I'm going to write all of the brand names down before I head out shopping. I once had a high arch, high instep, and wide foot. As I have aged it has became a more typical foot but I still need to keep all options open. As always hoping to find something that works really well, not just barely adequate. That is why I am barefooting now, I wasn't willing to settle for something that might work but I really didn't like the last several times I launched a shoe search. A little more pressure to find something this time; I have large holes in my leather uppers, can't remember that happening in the last thirty years or so.

Hu
 
I've had mixed luck with Sketchers boots. I bought one pair sometime in the 90's and man those shoes took a beating, lasted forever and were worked pretty hard to. I used them for hiking (and some heavy hiking to) and yard work and ... etc.. and they just kept rolling (probably 6? years of hard wearing). They were really comfortable to wear to.

Having had that great experience once those went to the great shoe store in the sky (actually I donated them to my mom who had some crazy "plants in shoes" thing going on at the time) I bought another pair of the exact same style and they were trash in less than six months. The stitches all let go and the sole separated and came off. Disappointed doesn't begin to describe it.

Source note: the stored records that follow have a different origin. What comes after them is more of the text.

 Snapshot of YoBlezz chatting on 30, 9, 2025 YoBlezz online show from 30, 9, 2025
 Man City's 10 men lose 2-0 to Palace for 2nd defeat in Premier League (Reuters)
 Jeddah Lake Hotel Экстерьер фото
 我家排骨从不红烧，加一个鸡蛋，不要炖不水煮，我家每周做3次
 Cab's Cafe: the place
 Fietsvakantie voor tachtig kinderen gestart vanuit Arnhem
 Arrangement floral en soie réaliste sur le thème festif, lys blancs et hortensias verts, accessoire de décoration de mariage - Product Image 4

Its been a long time but I think they might have been these ones: http://www.skechers.com/style/6643/bruiser/cdb

So if they're good like the first pair I got you'll be happy as a pig in the puddle assuming they fit well (I have a narrower foot and especially heel so that style might not line up with you), if not you'll be grumpy as a grouse in a snowstorm. I couldn't really see a visible build quality difference either until the failure kicked in.
 
Thanks Jim,

Hu i can relate to your story of feet getting burnt through man made shoes. I have had that happen just from grinding sparks and running shoes using a hand grinder. Thats why i really want leather now and nice thick leather that sure will take a bit of breaking in but once done oooooh so comfy. You do make a good point about the soles tracking in dirt though.